Recentemente estive a colaborar com a parte técnica de um encontro, onde havia algumas apresentações que usavam slides e uma das formas das pessoas poderem controlar a sua apresentação foi a de ter o portátil perto, ligá-lo por HDMI ao projector e por RGB a um monitor que mostrava o mesmo que viam as pessoas na audiência. A ideia parecia genial, e quem apresentou apreciou, mas houve quem na audiência se sentisse perturbado por todo o aparato de cabos. Logo, no dia seguinte, talvez fosse de voltar a uma solução menos ideal das pessoas fazerem-nos um gesto para mudarmos os slides. Não gostava do impasse, mas aceitei a situação. De repente, vindo do nada, num momento em que a mente começou a vaguear, lembrei-me de que o iPad poderia servir de comando da apresentação, permitindo às pessoas passarem os slides e verem qual o próximo. A solução não envolvia qualquer fio e tudo correu muito, muito bem.

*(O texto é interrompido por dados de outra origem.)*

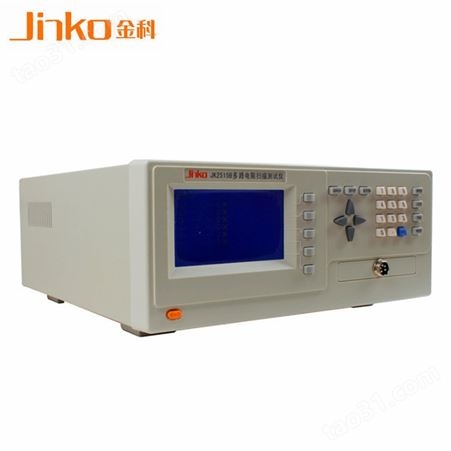 金科电阻测试仪 多路台式电阻仪  JK2515B-8S电阻测试仪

O tédio pode ser a porta para deixar que a criatividade, ou a solução para um impasse, se manifeste nos momentos em que menos esperamos. Se tivesse pegado no smartphone, nada disto teria acontecido.

A questão essencial

O problema não está no recurso às novas tecnologias na vida do dia-a-dia, mas na perda de autonomia. Quando alguém é incapaz de estar com os seus pensamentos enquanto o sacerdote dá alguns avisos, não prescindindo de ver se tem algum novo email ou mensagem, sem se dar conta, perdeu a autonomia, deixando de ser o usuário final para ser, afinal, o usuário do conteúdo que tem diante do ecrã. Deixou de ser quem usufrui das Apps, mas de quem as Apps usufruem. E questiono se a perda do valor de estar com os nossos pensamentos não seja um primeiro passo para perder a capacidade de discernimento e de escuta d’Aquela Voz.

Os momentos de tédio podem ser verdadeiras oportunidades de oração se o quisermos. Ou momentos de parar para respirar um pouco quando a vida não tem qualquer folga e tudo aperta, sobretudo os prazos.

A tecnologia é a nossa resposta ao amor de Deus que nos criou, co-criando com Ele. Por isso, os smartphones são co-criações extraordinárias através das quais podemos comunicar de formas impensadas. Recordo-me da experiência de uma amiga cuja sobrinha ficou com paralisia cerebral após a nascença, o que levou a um atrofio das suas mãos. Hoje, em idade jovem, os emojis que banalizados tornam as nossas conversas superficiais, são precisamente o meio que ela consegue comunicar com as pessoas, sobretudo, emojivamente! Acho extraodinário.

Penso é que devemos estar atentos a não perder o valor de pensar. Simplesmente. E aprender cada vez mais e melhor, a reconhecer Aquela Voz que se manifesta nos momentos mais surpreendentes e nos inspira a agir.